While I like this approach as well, these URLs ending up in the browser history isn’t ideal. Autocomplete when just trying to go to the site causes some undesired state every now and then. Maybe query params offer an advantage over paths here.
I think it’s a “use the right tool for the job” thing. Putting ephemeral information like session info in URLs sucks and should only be done if you need to pass it in a get request from a non-browser program or something, and even then I think you should redirect or rewrite the url or something after the initial request. But I think actual navigational data or some sort of state if it’s in the middle of an important action is acceptable.
But if you really just want your users to be able to hit refresh and not have their state change for non-navigational stuff like field contents or whatever, unless you have a really clear use case where you need to maintain state while switching devices and don’t want to do in server-side, local storage seems like the idiomatic choice.
JS does have features for editing the history, but it's a trade-off of not polluting the history too much while still letting the user navigate back and forth
I'm glad to see that prismjs site mentioned by the blog is doing the right thing - when it updates the URL, it replaces the current history item.
Does that handle back button correctly? Nothing more annoying that sites/apps that overwrites the history incorrectly, so when you press the back button it goes to the entry before you entered the website/app, rather than back into what you were doing in the website/app.
Both approaches (appending/rewriting) have their uses, the tricky part is using the right thing for the right action, fuck up either and the experience is abysmal.
It’s definitely possible to make a really stellar experience, but that winds up being the exception. The URL and history state are sort of “invisible” elements of the user experience but require thoughtful care and attention to what the user expects/wants at each step, a level of attention which is already a rarity in web development even in the most visible parts of a page…so frequently the history/back button stuff just totally sucks.
Yeah, in my experience you only get great stuff when both product and engineering has equal care for the final experience. If either parties lack care, you'll miss stuff, particularly things that are "invisible" as you say.
It's pretty weird, my impression is that the APIs are flexible enough to implement most sane behaviors, but websites keep managing to mess it all up.
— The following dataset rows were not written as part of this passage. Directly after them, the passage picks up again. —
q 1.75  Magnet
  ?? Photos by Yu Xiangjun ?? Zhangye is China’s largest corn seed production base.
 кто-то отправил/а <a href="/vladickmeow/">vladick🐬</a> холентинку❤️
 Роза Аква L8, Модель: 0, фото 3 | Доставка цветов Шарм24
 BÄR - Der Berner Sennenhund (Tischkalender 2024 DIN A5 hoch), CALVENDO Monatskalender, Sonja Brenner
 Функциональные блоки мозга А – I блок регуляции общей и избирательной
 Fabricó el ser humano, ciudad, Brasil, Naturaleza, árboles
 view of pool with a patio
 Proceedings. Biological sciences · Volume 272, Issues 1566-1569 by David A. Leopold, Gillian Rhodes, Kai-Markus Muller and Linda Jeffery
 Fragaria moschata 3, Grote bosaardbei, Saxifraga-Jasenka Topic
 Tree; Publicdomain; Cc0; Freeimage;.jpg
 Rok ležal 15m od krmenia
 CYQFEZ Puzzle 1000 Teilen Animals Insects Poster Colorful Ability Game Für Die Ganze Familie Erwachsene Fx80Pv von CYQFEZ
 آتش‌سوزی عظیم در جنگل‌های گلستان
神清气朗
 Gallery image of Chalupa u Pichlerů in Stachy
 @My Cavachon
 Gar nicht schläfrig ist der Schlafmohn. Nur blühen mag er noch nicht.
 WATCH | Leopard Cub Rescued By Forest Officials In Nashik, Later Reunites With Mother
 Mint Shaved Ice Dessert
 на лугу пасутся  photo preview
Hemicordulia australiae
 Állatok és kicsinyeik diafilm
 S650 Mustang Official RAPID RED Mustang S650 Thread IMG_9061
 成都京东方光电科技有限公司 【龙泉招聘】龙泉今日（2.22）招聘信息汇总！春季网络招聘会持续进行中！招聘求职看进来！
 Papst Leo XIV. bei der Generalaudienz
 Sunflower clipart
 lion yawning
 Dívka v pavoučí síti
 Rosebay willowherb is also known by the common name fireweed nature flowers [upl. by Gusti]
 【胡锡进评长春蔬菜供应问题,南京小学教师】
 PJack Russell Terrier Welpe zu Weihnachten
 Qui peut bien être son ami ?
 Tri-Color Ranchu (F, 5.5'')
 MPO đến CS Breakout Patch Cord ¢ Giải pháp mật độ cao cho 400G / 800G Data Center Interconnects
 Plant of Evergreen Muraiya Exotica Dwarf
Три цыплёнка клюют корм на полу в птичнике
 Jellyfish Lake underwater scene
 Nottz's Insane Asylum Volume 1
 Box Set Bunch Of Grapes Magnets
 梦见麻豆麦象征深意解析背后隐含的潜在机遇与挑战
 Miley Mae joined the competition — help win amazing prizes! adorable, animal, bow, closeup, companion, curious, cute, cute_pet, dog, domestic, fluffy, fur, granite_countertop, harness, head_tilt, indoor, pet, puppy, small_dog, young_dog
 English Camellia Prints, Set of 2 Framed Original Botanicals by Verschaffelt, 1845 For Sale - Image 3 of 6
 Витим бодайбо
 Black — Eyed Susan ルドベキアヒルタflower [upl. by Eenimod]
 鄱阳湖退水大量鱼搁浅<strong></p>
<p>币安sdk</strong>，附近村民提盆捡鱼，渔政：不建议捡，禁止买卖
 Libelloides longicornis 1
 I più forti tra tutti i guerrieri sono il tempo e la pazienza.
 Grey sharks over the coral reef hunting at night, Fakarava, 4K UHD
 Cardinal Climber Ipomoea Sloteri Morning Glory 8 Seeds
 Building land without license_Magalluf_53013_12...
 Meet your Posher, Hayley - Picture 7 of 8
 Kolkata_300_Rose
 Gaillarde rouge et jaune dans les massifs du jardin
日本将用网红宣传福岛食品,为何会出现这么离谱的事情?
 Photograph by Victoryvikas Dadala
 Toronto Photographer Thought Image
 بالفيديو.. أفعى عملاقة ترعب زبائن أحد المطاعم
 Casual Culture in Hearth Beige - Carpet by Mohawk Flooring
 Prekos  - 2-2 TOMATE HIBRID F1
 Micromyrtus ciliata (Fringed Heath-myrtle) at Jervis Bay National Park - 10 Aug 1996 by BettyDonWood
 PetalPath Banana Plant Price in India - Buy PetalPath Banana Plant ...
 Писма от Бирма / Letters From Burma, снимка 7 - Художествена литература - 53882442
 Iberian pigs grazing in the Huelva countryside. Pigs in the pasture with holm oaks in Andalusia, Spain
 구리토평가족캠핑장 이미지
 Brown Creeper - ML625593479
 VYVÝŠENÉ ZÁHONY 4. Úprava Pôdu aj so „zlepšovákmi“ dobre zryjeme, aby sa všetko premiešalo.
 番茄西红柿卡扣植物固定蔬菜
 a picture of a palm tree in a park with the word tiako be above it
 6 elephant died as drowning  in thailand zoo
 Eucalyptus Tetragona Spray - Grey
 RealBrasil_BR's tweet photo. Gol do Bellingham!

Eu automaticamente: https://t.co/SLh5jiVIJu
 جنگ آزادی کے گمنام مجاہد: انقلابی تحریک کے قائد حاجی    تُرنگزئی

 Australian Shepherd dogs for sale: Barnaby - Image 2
Perhaps it's just one of those things that no one bothers re-testing as the codebase changes.
In my experience, the problem is two-fold. First product managers/owners don't consider the URIs, so it ends up not being specified. They say "We should have a page when user clicks X, and then on that page, user can open up modal Y", but none of it is specified in terms of what happens with the URIs and history.
Then a developer gets the task to create this, and they too don't push back on what exact URIs are being used, nor how the history is being treated. Either they don't have time, don't have the power to send back tasks to product, simply don't care or just don't think of it. They happily carry along creating whatever URIs make sense to them.
No one is responsible for URLs, no one considers that part of UX and design, so no one ends up thinking about it, people implement things as they feel is right, without having a full overview over how things are supposed to fit together.
Anyways, that's just based on my experience, I'm sure there are other holes in the process that also exacerbates the issue.
As a UX designer, this is a failure of the UX designers, IMO. If you're a UX designer for web, you should be aware of web technology and be thinking about these things. Even if you don't know enough to fully specify it, you should be able to enough such that you can have conversations with a developer to work together to fully spec it out.
That said, I've also worked with some developers that didn't like intruding on their turf, so to speak. Though I've also worked with others that were more than happy to collaborate and very proactive about these sorts of things.
Furthermore, as a UX designer this is the sort of topic that we're unlikely to be able to meaningfully discuss with PMs and other stakeholders as it's completely non-visual and often trying to bring this up with them and discuss it ends up feeling like pulling teeth and them wondering why we're even spending time on it. So usually it just ended up being a discussion between me and the developers with no PM oversight.
Nothing weird about it, you see people arguing right here whether a site should add a new history entry when a filter is set.
Interacting with the URL from JS within the page load cycle is inherently complex.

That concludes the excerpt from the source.